При чтении вслух слушатель приобретает аудиторию для собственных излияний на тему прочитанного, которые обычно остаются никому не известными, – это описал испанский писатель Бенито Перес Гальдос в одном из своих «Национальных эпизодов». Донья Мануэла, читательница XIX века, отправляется в постель под предлогом того, что не желает возбуждаться чтением. Дело происходит теплой мадридской летней ночью, донья Мануэла полностью одета, гостиная освещена лампой. Ее галантный кавалер, генерал Леопольдо О’Доннел, предлагает почитать ей вслух, чтобы помочь заснуть, и выбирает чтиво, которое нравится даме, «один из этих хитро закрученных романчиков, дурно переведенных с французского». Водя по строчкам указательным пальцем, О’Доннел читает описание дуэли, в которой молодой блондин ранит некого месье Массно:
– Как занимательно! – вскричала донья Мануэла, вне себя от восторга, – этот блондин, разве вы не помните, это же тот артиллерист, что приехал из Британии, переодевшись торговцем.

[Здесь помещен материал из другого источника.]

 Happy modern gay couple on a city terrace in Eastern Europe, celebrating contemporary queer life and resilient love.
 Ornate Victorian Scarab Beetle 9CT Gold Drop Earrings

И судя по его виду, он и есть настоящий сын герцогини… Продолжайте. <…> Но из того, что вы сейчас прочитали, – заметила донья Мануэла, – выходит, что он отрубил Массно нос?
– Похоже на то. <…> Тут ясно сказано: «Все лицо Массно было залито кровью, которая двумя ручейками стекала прямо на его роскошные усы».
– Я очень рада… И поделом ему, да еще и мало этого. Посмотрим, что еще нам автор расскажет[261].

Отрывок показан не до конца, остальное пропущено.